I saw this at about the same time I saw the 2008 political thriller VANTAGE POINT and am surprised at the similarities. They both have gimmicks in how they structure their story and they both deal with politics. But what's even more surprising is that the romantic comedy DEFINITELY, MAYBE executes both of those elements better than the other movie. Romantic comedies are usually slavish to conventions, and thrillers are supposed to throw new twists at us each time out. While DEFINITELY, MAYBE isn't perfect, it respects its audience enough to know what its talking about when not in romance mode.

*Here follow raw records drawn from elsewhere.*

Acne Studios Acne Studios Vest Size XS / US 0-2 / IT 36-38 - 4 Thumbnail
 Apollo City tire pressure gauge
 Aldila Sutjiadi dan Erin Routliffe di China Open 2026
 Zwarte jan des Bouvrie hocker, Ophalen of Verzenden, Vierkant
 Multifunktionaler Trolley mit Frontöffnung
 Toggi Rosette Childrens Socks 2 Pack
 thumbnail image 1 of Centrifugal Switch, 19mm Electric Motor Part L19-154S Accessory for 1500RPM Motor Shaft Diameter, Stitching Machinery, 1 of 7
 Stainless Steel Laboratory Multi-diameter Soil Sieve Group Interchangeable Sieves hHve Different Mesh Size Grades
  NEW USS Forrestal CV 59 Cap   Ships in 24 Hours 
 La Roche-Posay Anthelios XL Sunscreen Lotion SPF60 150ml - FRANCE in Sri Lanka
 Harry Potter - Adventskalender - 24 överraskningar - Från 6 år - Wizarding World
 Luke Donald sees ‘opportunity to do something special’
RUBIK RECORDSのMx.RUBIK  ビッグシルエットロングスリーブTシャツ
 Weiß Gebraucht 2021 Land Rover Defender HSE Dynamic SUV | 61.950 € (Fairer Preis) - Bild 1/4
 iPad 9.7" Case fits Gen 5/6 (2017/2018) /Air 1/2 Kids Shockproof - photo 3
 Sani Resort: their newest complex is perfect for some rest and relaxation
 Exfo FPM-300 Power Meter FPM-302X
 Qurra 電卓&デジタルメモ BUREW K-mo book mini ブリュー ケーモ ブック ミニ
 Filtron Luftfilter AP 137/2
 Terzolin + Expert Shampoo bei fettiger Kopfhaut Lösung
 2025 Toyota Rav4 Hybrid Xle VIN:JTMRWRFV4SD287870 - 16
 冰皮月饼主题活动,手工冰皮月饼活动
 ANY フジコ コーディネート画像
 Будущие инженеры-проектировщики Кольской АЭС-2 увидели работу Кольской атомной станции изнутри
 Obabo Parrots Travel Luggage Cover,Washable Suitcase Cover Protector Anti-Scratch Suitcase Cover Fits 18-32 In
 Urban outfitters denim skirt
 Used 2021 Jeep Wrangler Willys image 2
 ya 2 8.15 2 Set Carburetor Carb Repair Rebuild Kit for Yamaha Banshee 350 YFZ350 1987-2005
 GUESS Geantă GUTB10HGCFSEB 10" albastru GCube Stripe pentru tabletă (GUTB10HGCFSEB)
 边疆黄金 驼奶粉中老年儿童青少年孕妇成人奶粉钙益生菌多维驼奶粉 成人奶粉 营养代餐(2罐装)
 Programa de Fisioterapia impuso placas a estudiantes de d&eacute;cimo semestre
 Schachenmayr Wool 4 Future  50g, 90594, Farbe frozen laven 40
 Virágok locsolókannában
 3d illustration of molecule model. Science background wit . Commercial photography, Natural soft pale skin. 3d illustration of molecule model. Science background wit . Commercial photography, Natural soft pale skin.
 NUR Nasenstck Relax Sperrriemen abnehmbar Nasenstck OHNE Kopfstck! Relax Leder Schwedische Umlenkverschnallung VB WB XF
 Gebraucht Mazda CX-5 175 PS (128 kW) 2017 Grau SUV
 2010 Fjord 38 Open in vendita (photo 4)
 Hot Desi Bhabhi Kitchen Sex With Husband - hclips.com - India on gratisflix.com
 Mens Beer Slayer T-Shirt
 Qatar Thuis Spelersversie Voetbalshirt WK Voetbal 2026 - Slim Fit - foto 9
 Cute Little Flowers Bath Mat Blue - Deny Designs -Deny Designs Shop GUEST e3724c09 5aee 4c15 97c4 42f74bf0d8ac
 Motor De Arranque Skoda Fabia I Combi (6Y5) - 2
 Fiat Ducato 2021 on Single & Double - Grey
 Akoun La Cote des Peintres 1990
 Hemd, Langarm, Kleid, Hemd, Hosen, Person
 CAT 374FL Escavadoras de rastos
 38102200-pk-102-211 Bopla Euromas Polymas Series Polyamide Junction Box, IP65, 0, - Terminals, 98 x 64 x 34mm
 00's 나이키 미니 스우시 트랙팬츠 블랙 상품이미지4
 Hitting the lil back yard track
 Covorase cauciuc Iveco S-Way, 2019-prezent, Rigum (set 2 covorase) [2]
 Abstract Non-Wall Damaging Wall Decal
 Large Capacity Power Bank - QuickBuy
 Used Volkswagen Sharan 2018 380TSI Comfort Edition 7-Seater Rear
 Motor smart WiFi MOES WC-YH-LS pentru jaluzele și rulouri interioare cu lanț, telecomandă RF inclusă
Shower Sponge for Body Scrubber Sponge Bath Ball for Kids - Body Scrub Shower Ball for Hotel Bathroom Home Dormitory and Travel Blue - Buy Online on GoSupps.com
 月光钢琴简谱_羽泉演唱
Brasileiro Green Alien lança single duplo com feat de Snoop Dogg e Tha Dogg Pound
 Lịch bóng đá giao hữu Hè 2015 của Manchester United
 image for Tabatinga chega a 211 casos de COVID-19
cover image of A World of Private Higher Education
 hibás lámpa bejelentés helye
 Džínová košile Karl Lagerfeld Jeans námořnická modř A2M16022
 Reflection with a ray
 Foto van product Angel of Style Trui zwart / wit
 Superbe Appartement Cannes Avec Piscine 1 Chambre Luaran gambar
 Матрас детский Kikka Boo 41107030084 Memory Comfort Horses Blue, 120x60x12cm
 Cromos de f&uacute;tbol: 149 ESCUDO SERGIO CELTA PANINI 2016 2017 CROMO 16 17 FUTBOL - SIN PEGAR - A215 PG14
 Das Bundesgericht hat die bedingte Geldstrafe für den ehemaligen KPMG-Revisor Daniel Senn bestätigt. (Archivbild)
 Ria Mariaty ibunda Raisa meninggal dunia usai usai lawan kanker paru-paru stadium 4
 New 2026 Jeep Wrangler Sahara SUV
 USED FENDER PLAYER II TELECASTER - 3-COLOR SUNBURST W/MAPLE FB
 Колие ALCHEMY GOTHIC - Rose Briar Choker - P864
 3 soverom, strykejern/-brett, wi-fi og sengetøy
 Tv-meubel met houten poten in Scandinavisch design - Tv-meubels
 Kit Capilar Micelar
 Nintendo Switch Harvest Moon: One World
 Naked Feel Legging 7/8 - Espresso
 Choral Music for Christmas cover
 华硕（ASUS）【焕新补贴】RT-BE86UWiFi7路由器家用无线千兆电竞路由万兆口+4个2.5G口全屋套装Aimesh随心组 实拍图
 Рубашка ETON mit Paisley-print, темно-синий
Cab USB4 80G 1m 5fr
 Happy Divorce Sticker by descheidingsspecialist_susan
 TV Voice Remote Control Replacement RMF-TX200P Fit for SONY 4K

Will Hayes (Ryan Reynolds, BLADE TRINITY) is getting divorced. His young daughter Maya (Abigail Breslin, LITTLE MISS SUNSHINE) wants to know how her father and mother met, and why they're splitting, so Will begins to tell her his dating-life story since college — only changing the names to protect the innocent (and add a bit of mystery to who is Maya's mom). The first suspect is Emily (Elizabeth Banks, W.), Will's hometown sweetheart. Maya isn't convinced it's her because in romances the guy never stays with the original girl. Next is April (Isla Fisher, THE LOOKOUT), a vivacious woman who isn't big on commitment, which often casts Will in the role of boy friend not boyfriend. The third and final suspect is journalist Summer (Rachel Weisz, THE CONSTANT GARDENER), who turns out to have a lot in common with Will.